Action item =
For the material below, output exactly the span from the line with "106 Cottage Dr, Norfolk, NE 68701" to the line with "Robot de nettoyage", including both, and nothing besides.

Listed records =
####################

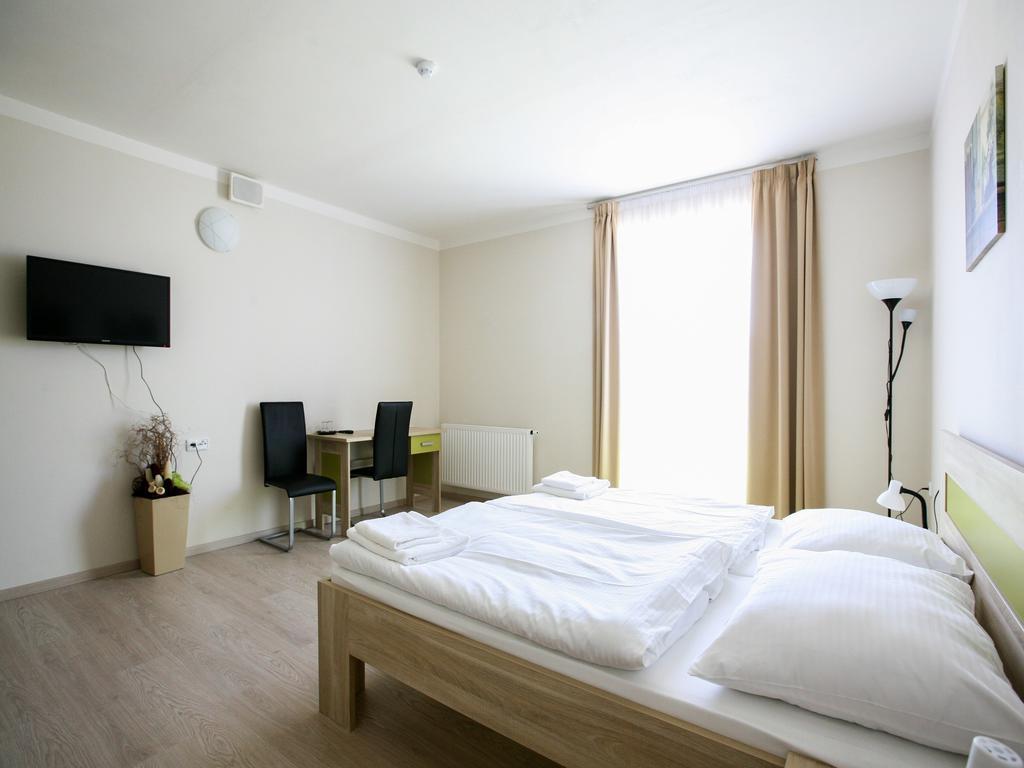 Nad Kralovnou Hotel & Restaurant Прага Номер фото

####################

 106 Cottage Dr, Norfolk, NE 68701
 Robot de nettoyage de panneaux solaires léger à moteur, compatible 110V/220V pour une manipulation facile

####################

Written response =
 106 Cottage Dr, Norfolk, NE 68701
 Robot de nettoyage de panneaux solaires léger à moteur, compatible 110V/220V pour une manipulation facile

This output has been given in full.